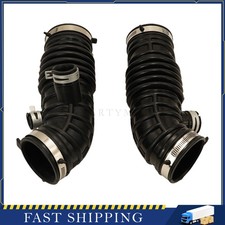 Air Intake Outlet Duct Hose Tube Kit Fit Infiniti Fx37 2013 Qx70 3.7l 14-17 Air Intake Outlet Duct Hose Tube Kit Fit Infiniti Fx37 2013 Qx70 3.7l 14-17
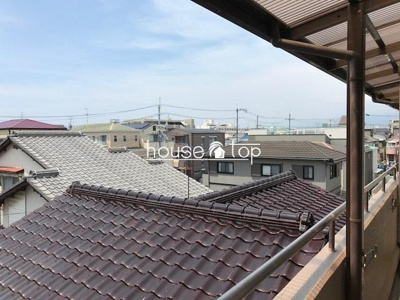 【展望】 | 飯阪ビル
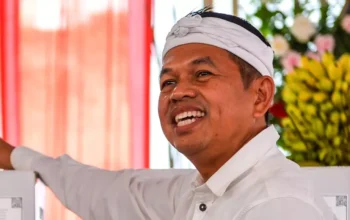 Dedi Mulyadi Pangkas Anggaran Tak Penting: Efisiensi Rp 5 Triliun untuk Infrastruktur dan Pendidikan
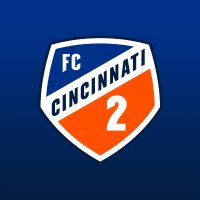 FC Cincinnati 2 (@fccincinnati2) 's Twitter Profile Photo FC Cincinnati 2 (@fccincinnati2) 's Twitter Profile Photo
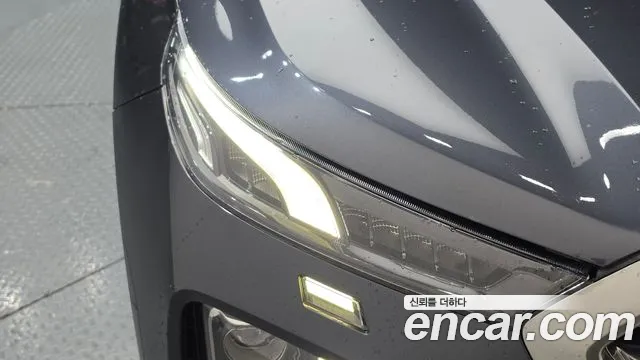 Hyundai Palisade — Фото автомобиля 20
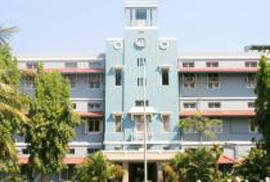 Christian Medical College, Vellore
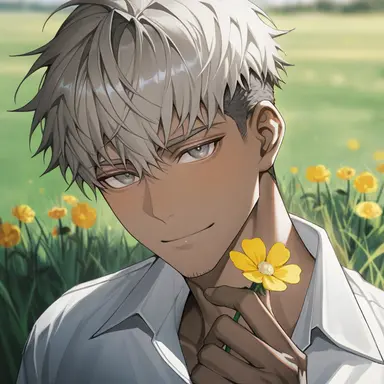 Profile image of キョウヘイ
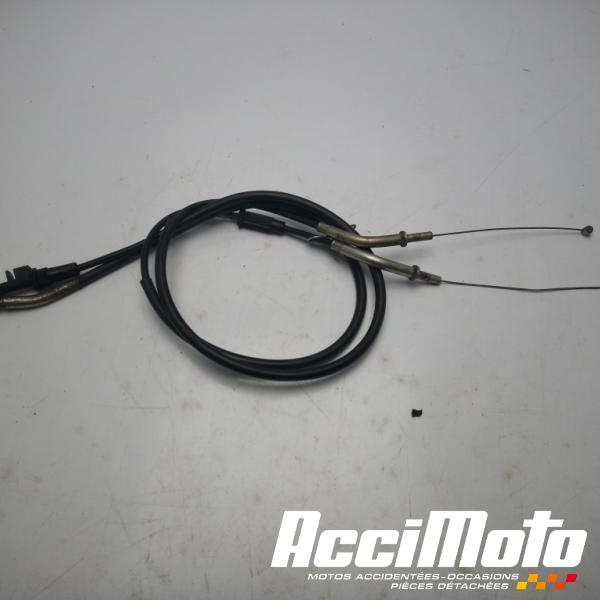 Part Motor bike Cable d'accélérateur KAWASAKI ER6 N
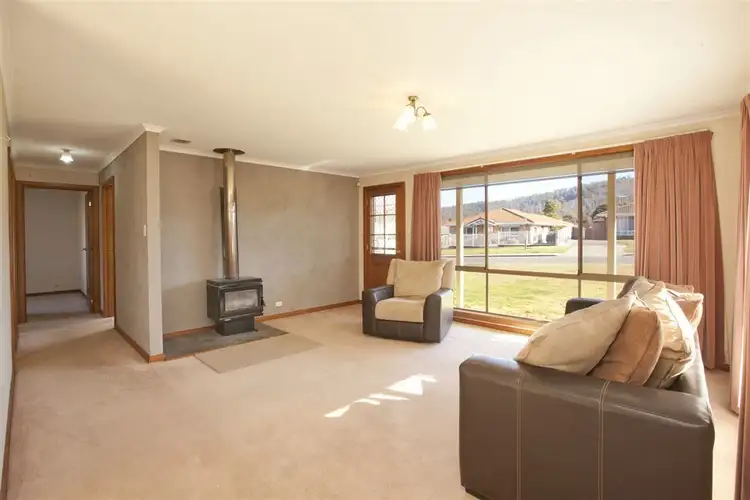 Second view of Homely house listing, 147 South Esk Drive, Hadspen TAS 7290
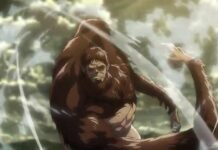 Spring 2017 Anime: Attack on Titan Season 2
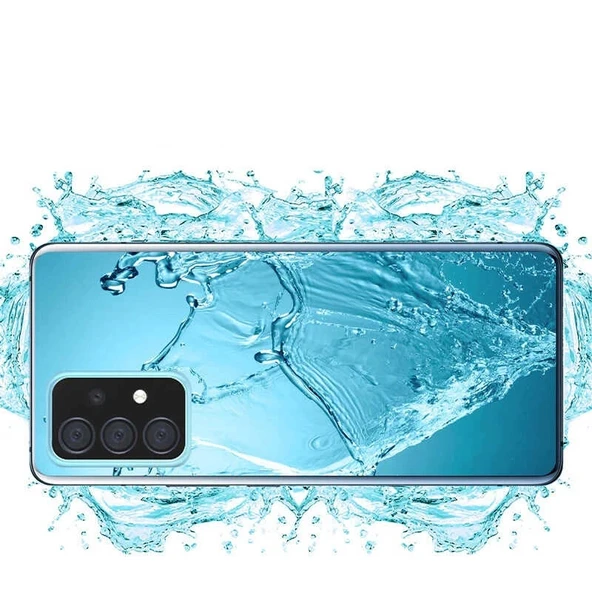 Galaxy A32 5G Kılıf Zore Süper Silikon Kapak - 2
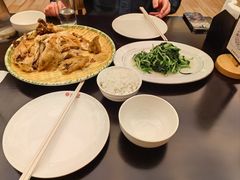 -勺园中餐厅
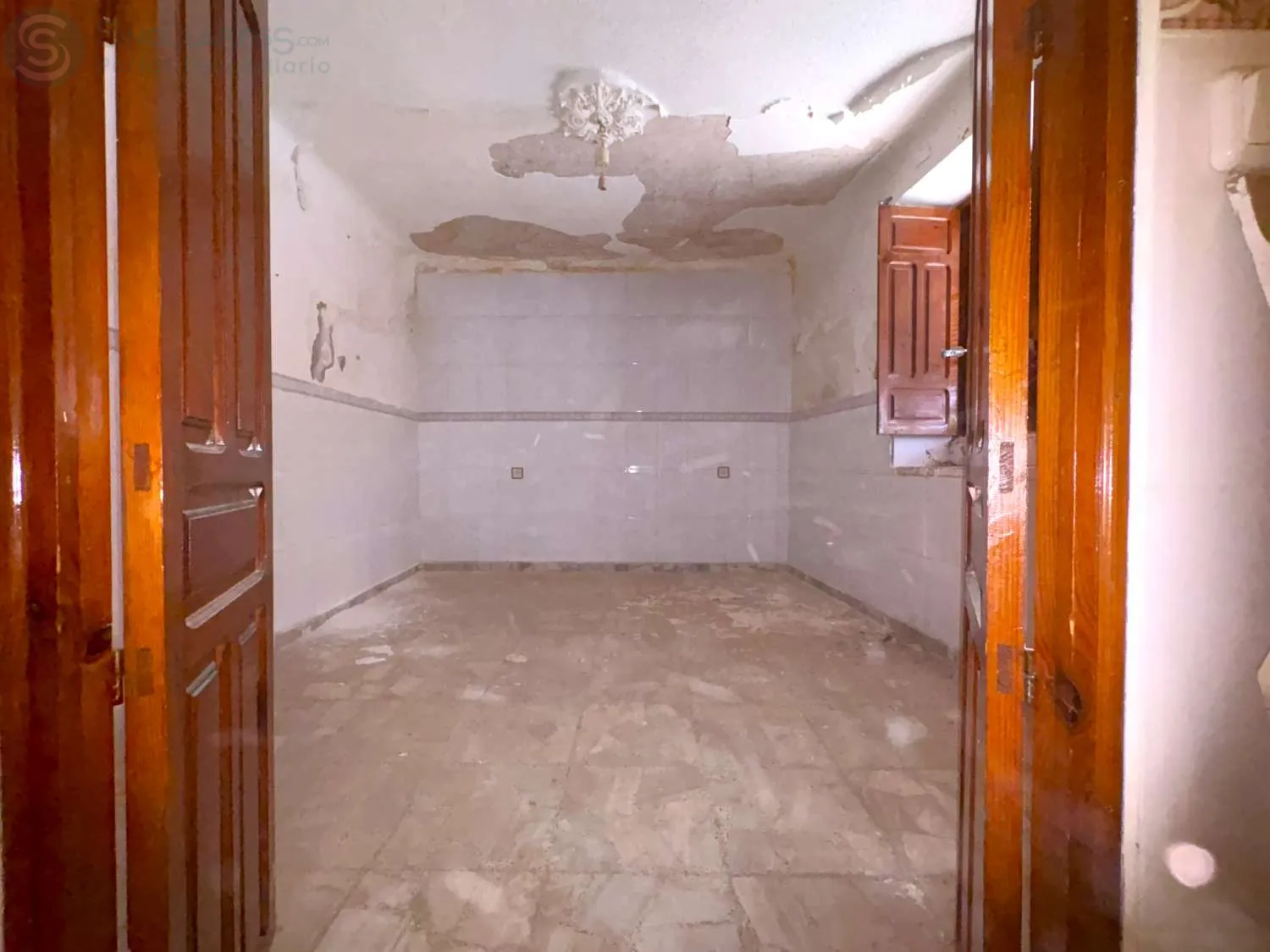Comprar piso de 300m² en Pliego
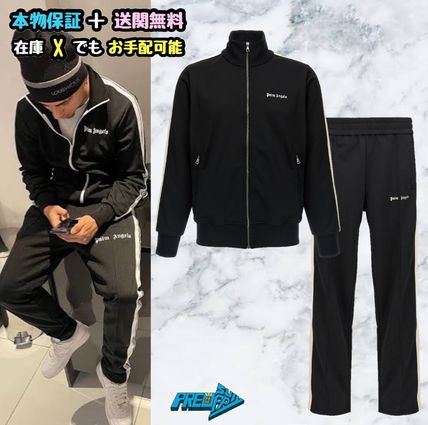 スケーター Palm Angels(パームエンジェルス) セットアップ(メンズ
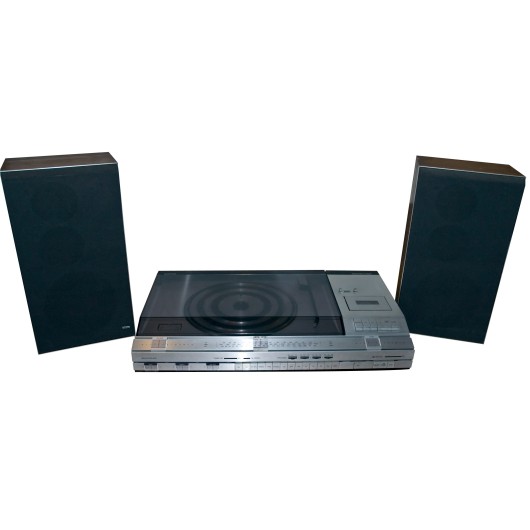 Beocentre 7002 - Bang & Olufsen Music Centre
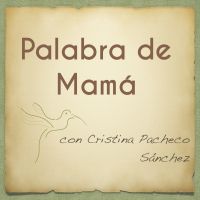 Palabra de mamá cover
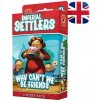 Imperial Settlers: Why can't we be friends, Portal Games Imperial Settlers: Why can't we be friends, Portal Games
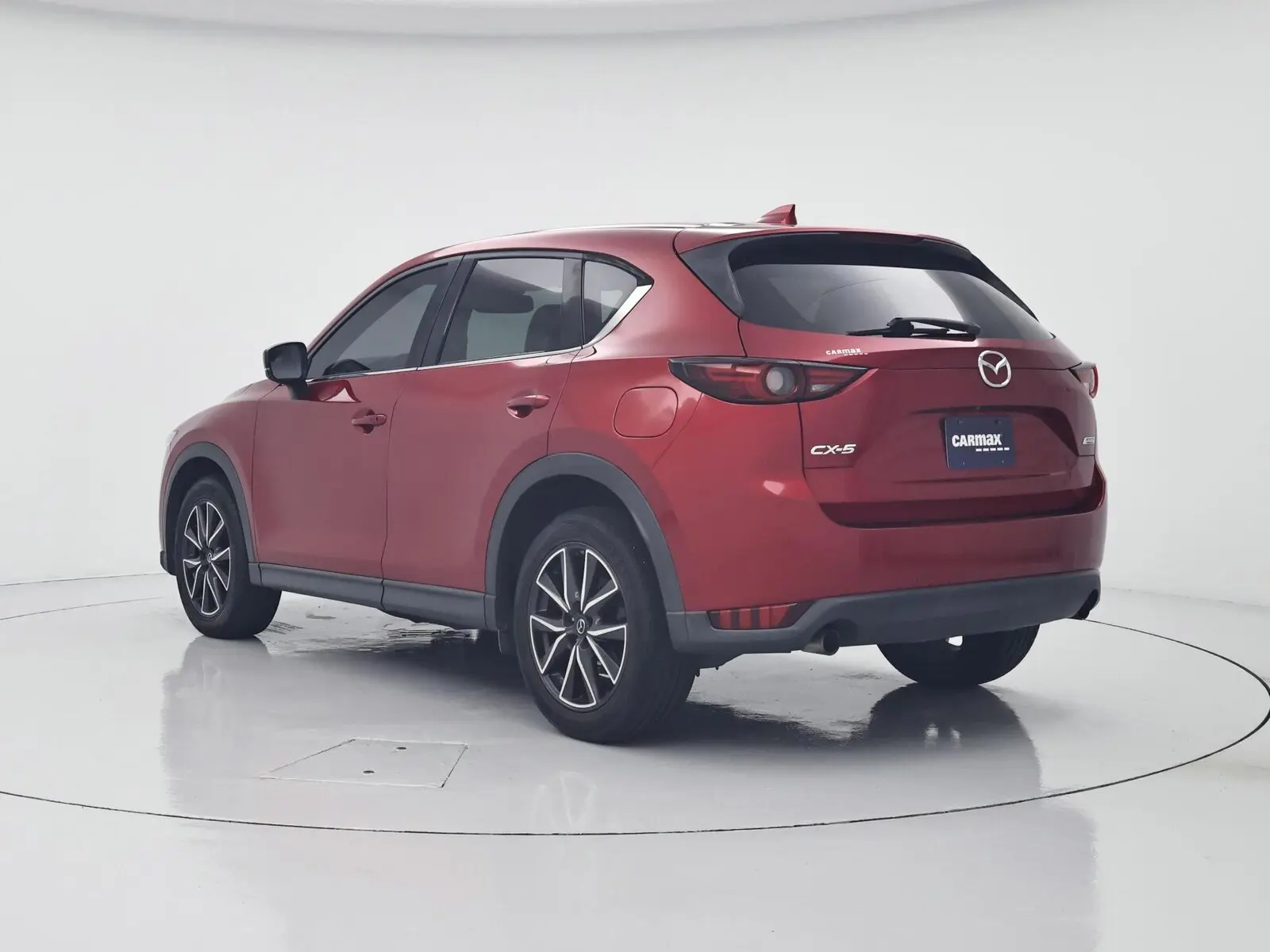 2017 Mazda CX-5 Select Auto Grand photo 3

------------------------

Work order. Here the job is to print all the entries above exactly, minus the images.

Exercise answer.
 Air Intake Outlet Duct Hose Tube Kit Fit Infiniti Fx37 2013 Qx70 3.7l 14-17 Air Intake Outlet Duct Hose Tube Kit Fit Infiniti Fx37 2013 Qx70 3.7l 14-17
 【展望】 | 飯阪ビル
 Dedi Mulyadi Pangkas Anggaran Tak Penting: Efisiensi Rp 5 Triliun untuk Infrastruktur dan Pendidikan
 FC Cincinnati 2 (@fccincinnati2) 's Twitter Profile Photo FC Cincinnati 2 (@fccincinnati2) 's Twitter Profile Photo
 Hyundai Palisade — Фото автомобиля 20
 Christian Medical College, Vellore
 Profile image of キョウヘイ
 Part Motor bike Cable d'accélérateur KAWASAKI ER6 N
 Second view of Homely house listing, 147 South Esk Drive, Hadspen TAS 7290
 Spring 2017 Anime: Attack on Titan Season 2
 Galaxy A32 5G Kılıf Zore Süper Silikon Kapak - 2
 -勺园中餐厅
Comprar piso de 300m² en Pliego
 スケーター Palm Angels(パームエンジェルス) セットアップ(メンズ
 Beocentre 7002 - Bang & Olufsen Music Centre
 Palabra de mamá cover
 Imperial Settlers: Why can't we be friends, Portal Games Imperial Settlers: Why can't we be friends, Portal Games
 2017 Mazda CX-5 Select Auto Grand photo 3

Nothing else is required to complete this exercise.